Will success spoil Fred Thomas?

Oct 24, 2007 at 12:00 am

Aside from the fluorescent lights, Mountain Dew banner and cluster of tailored suits, this CMJ day-stage performance is just like any other Saturday Looks Good To Me show. Fred Thomas, of course, is front and center. He has a slightly surprising air of confidence about him. He's even making jokes: "Hello. We're Saturday Looks Good To Me, the official band of the CMJ festival. It's a real honor. Thank you, CMJ. Thank you, Mountain Dew."
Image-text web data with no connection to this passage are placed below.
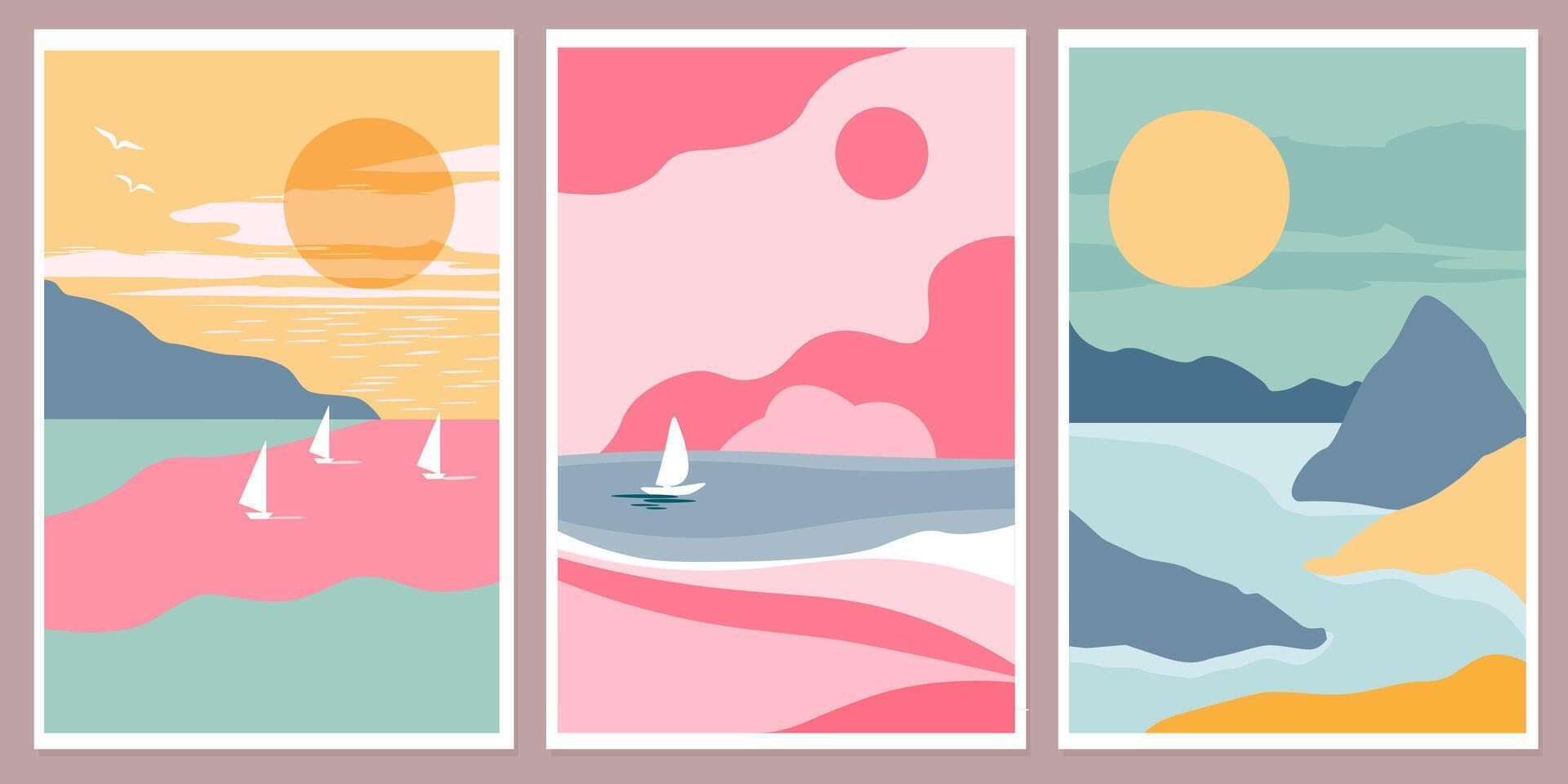 Set of abstract landscapes. Posters with the sea coast and boats against the backdrop of mountains and the sun. vector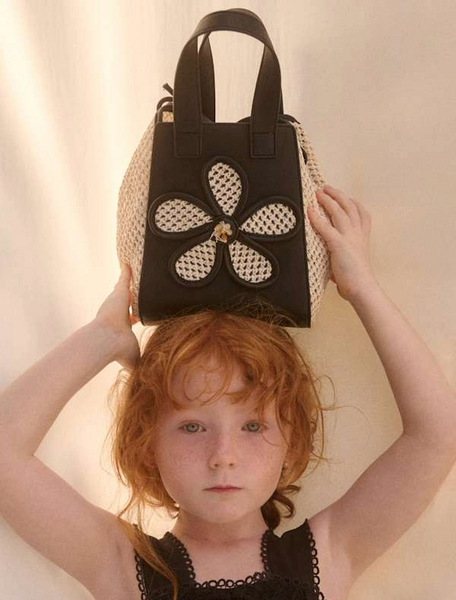 Raffia Purse w/ Flower Detail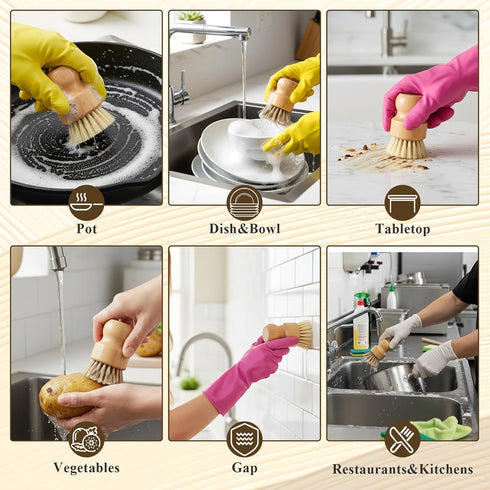 Lyksgir 7 Set, Pcs Bamboo Scrub Brushes Kitchen Dishwashing Scrubber with Natural Sisal/Palm Bristles, Round Mini Dish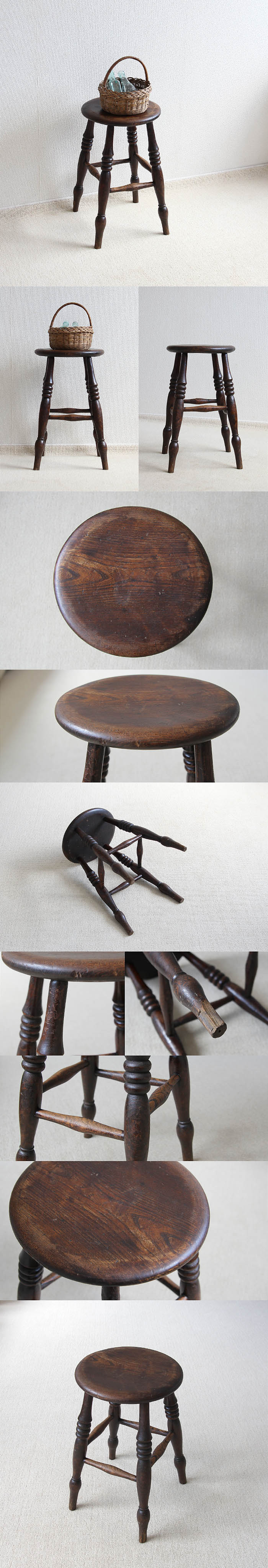 イギリス アンティーク スツール 無垢材 一枚板座面 椅子 古木 木製 家具 V-301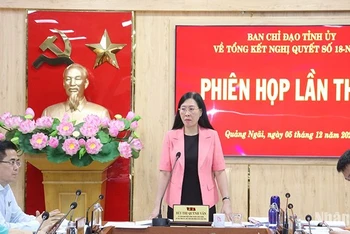 Bí thư Tỉnh ủy Quảng Ngãi Bùi Thị Quỳnh Vân phát biểu tại phiên họp thứ nhất của Ban Chỉ đạo.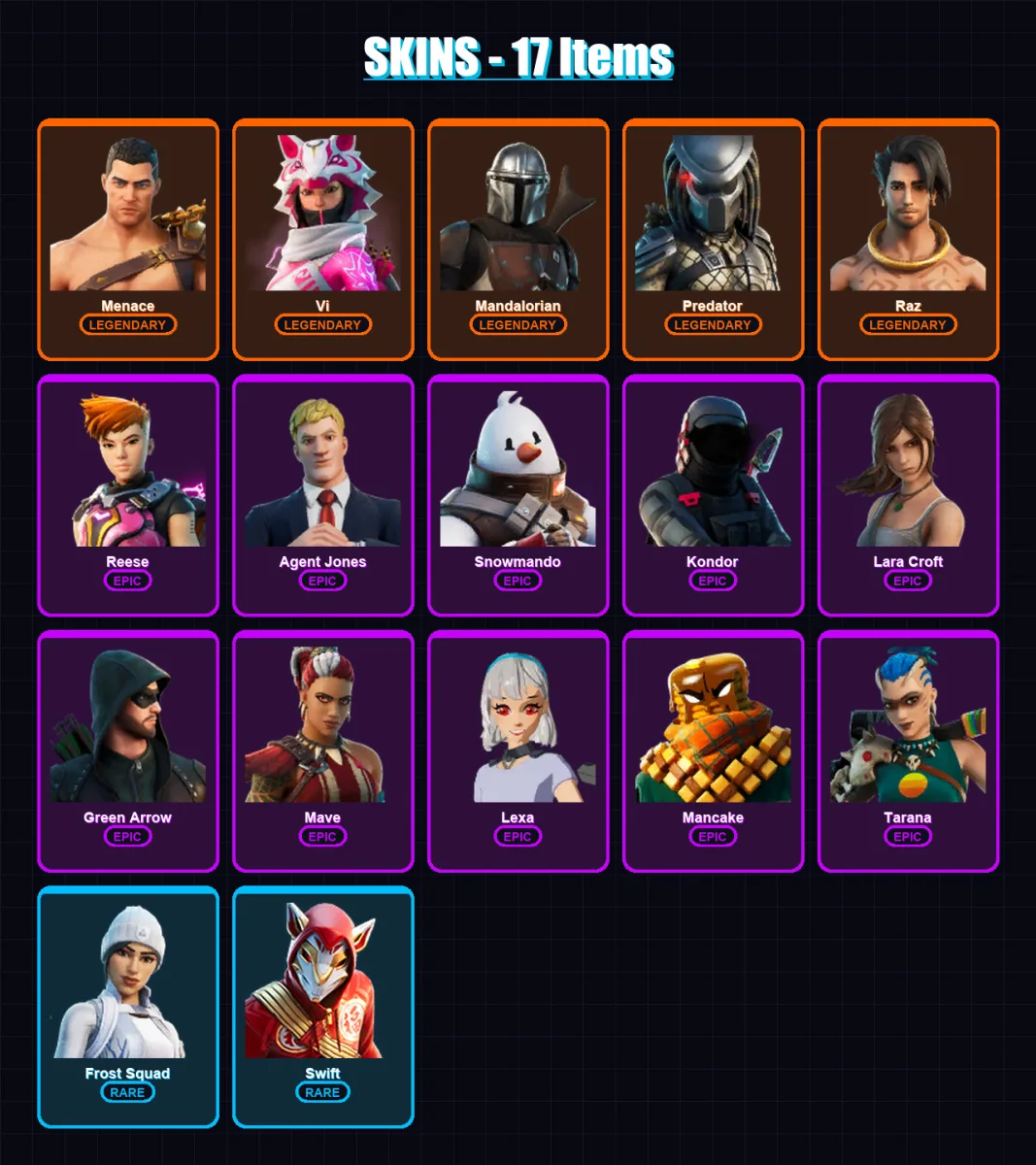 [PC/XBOX/PSN] | Menace | Vi | Mandalorian | Predator | Raz | 17 skin | 21 pickaxe | 16 emote | 17 glider | Lv274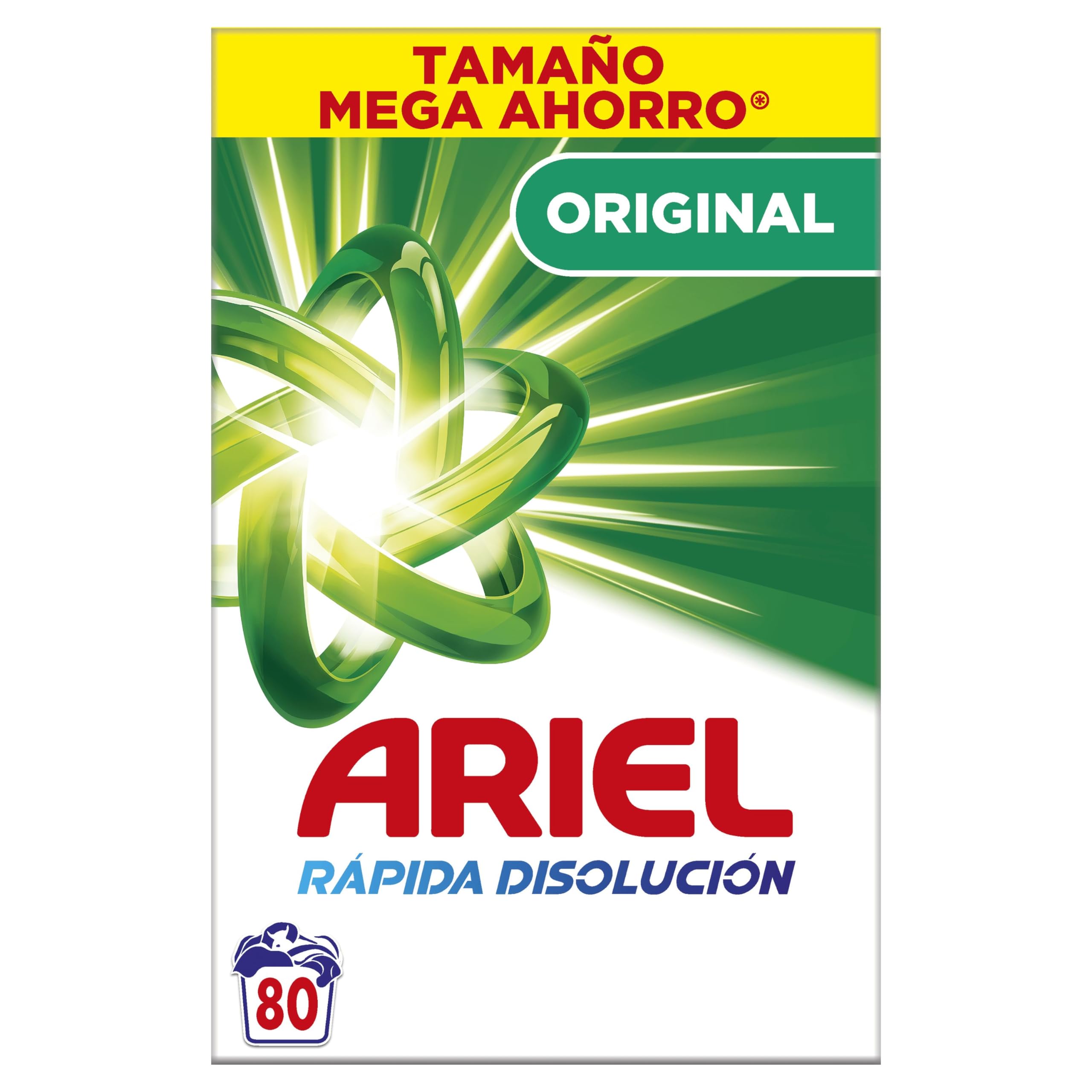 Ariel Detergente Lavadora en Polvo, 80 Lavados, Original, con Tecnologia Anti-​Residuos que Deja la Ropa Limpia y Reluciente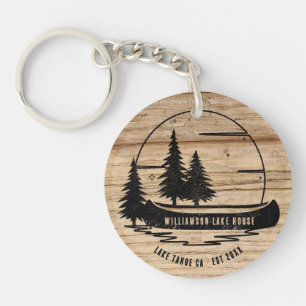 Rustic Lake House Nature Custom Familienname Schlüsselanhänger
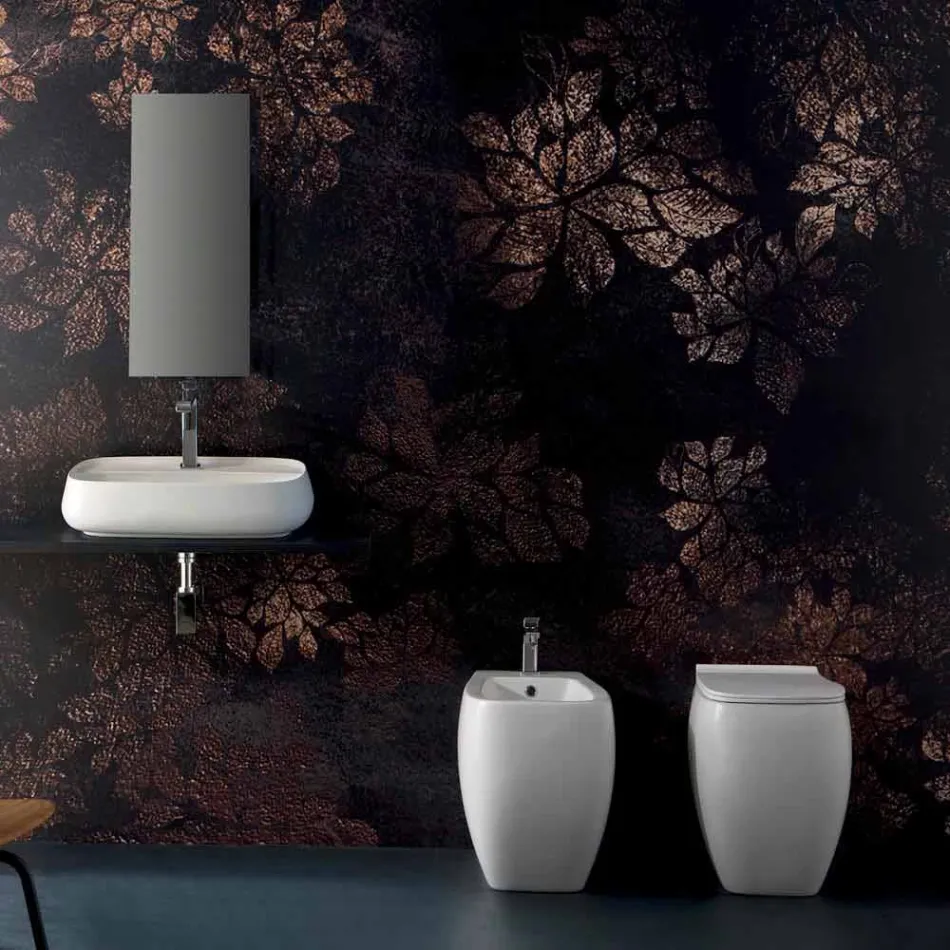 Witte keramische WC vaas met modern design Gais, made in Italy Viadurini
The band sounds good. They sound almost as if they, you know, practiced. As if they signed on last winter with the indie K Records, renowned for championing the energy of a falling-apart set, and then went ahead and got it together anyway. Playing hits, rarities and lots of songs off their new Fill Up the Room LP, the band closes with "Money in the Afterlife," a cathartic new song strung together by a jittery guitar hook, smooth vocals in the style of Morrissey-meets-Merritt and a celestial wash of guitars, cymbal crashes and divine three-part falsetto harmonies.

As the suits swarm stage-left, it's likely everyone has the same thing on their mind: Fred Thomas just might not have to wait till he's dead to see some of that afterlife dough.


Rewind

Almost seven years earlier to the day, Metro Times asked Warn Defever of His Name is Alive to put together a lineup for a show at its annual Blowout fest. His first booking was Saturday Looks Good To Me, even though they hadn't yet played a single show. It was the project of an Ypsilanti-Ann Arbor native who was staying in Defever's extra bedroom, participating in what might be considered a loose interpretation of a music-production apprenticeship.

At that time, Thomas was working with several other groups, but he was also experimenting with a Beach Boys loop that one of his then-bandmates had taped. Thomas had also just come across a Teach Me Tiger tape made by fellow musician Crispy Fachini, that was like a sonic séance, conjuring old soul as filtered through Phil Spector's Wall of Sound. "I talked to [Fachini] a lot about it," Thomas says. "I said, 'Crispy, I heard your tape and it blew me away because it sounded so otherworldly.' It was kind of an encyclopedic jumping-off point for me."

The experience would mark a major shift in Thomas' musical career. "I really liked the music Crispy was doing, and that His Name is Alive was doing," he says. "And the more I talked to both of those bands, the more it seemed that they were just really big music fans, and they were doing their own version of stuff that they liked."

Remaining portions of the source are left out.